**TASK DESCRIPTION:** In the records below, find the line containing "Vanity Art Unbranded"; give it again exactly, along with every line that follows, and nothing else.

**RECORDS FOR PROCESSING:**
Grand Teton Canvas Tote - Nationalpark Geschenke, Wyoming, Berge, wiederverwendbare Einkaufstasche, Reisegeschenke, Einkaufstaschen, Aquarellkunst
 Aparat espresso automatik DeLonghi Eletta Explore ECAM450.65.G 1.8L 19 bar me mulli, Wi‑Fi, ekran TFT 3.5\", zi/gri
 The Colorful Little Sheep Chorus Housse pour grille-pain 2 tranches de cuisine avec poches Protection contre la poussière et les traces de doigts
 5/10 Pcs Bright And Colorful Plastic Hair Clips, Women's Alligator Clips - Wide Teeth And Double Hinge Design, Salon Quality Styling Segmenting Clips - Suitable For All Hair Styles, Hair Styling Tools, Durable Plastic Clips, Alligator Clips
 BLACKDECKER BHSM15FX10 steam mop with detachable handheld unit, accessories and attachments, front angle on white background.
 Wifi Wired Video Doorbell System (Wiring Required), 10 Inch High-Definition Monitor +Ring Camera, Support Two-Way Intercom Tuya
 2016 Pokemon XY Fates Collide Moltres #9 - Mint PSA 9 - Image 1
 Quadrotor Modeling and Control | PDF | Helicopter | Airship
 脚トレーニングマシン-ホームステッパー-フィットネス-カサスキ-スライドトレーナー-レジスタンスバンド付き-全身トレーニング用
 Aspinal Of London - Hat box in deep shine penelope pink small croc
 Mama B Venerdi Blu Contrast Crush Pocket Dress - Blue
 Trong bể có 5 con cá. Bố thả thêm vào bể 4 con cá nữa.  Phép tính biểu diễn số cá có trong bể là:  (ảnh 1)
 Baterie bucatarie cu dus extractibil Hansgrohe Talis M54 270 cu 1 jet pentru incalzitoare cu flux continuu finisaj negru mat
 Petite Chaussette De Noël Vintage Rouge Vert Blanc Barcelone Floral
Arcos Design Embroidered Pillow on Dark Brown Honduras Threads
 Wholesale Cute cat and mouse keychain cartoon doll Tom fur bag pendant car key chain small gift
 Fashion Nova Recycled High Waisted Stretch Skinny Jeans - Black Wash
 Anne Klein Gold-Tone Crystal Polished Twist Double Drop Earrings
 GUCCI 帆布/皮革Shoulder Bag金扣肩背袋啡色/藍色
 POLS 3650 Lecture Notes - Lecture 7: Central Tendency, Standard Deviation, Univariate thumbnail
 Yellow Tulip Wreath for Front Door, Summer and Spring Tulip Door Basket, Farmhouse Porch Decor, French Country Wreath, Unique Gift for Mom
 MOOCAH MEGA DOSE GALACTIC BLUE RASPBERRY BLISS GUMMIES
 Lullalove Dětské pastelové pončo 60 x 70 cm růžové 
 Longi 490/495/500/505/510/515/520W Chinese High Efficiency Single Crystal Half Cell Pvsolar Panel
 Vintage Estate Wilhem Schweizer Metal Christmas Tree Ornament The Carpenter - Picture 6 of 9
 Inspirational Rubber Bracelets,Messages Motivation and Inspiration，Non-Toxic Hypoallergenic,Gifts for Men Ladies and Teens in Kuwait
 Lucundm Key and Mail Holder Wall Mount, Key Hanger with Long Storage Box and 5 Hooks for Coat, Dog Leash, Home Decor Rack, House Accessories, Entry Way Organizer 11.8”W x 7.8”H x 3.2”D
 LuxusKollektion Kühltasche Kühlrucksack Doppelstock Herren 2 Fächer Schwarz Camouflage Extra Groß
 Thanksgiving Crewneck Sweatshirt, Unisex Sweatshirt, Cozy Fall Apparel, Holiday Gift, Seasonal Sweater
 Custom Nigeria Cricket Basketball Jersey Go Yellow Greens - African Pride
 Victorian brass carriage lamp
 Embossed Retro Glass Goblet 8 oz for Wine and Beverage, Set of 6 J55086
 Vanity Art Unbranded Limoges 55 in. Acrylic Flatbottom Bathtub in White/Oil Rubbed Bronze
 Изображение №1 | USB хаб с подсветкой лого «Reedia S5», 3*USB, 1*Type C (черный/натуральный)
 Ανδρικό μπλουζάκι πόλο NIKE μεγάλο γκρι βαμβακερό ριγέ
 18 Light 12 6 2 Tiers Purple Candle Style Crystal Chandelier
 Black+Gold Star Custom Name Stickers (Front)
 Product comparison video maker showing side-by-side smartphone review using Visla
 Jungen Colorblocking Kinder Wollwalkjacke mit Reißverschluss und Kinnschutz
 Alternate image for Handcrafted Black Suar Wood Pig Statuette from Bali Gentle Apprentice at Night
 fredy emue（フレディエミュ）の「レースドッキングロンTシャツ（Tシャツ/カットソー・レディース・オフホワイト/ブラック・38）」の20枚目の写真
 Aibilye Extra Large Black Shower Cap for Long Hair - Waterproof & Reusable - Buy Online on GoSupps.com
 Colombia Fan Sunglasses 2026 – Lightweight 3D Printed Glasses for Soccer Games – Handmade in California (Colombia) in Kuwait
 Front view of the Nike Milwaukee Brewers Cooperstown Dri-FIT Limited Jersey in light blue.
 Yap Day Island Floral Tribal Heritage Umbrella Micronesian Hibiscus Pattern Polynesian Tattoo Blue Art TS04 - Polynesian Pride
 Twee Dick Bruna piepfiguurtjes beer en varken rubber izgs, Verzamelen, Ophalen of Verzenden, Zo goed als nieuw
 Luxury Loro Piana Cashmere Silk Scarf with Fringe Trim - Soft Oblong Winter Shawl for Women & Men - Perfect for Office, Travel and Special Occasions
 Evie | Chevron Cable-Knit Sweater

**COMPLETED EXERCISE:**
 Vanity Art Unbranded Limoges 55 in. Acrylic Flatbottom Bathtub in White/Oil Rubbed Bronze
 Изображение №1 | USB хаб с подсветкой лого «Reedia S5», 3*USB, 1*Type C (черный/натуральный)
 Ανδρικό μπλουζάκι πόλο NIKE μεγάλο γκρι βαμβακερό ριγέ
 18 Light 12 6 2 Tiers Purple Candle Style Crystal Chandelier
 Black+Gold Star Custom Name Stickers (Front)
 Product comparison video maker showing side-by-side smartphone review using Visla
 Jungen Colorblocking Kinder Wollwalkjacke mit Reißverschluss und Kinnschutz
 Alternate image for Handcrafted Black Suar Wood Pig Statuette from Bali Gentle Apprentice at Night
 fredy emue（フレディエミュ）の「レースドッキングロンTシャツ（Tシャツ/カットソー・レディース・オフホワイト/ブラック・38）」の20枚目の写真
 Aibilye Extra Large Black Shower Cap for Long Hair - Waterproof & Reusable - Buy Online on GoSupps.com
 Colombia Fan Sunglasses 2026 – Lightweight 3D Printed Glasses for Soccer Games – Handmade in California (Colombia) in Kuwait
 Front view of the Nike Milwaukee Brewers Cooperstown Dri-FIT Limited Jersey in light blue.
 Yap Day Island Floral Tribal Heritage Umbrella Micronesian Hibiscus Pattern Polynesian Tattoo Blue Art TS04 - Polynesian Pride
 Twee Dick Bruna piepfiguurtjes beer en varken rubber izgs, Verzamelen, Ophalen of Verzenden, Zo goed als nieuw
 Luxury Loro Piana Cashmere Silk Scarf with Fringe Trim - Soft Oblong Winter Shawl for Women & Men - Perfect for Office, Travel and Special Occasions
 Evie | Chevron Cable-Knit Sweater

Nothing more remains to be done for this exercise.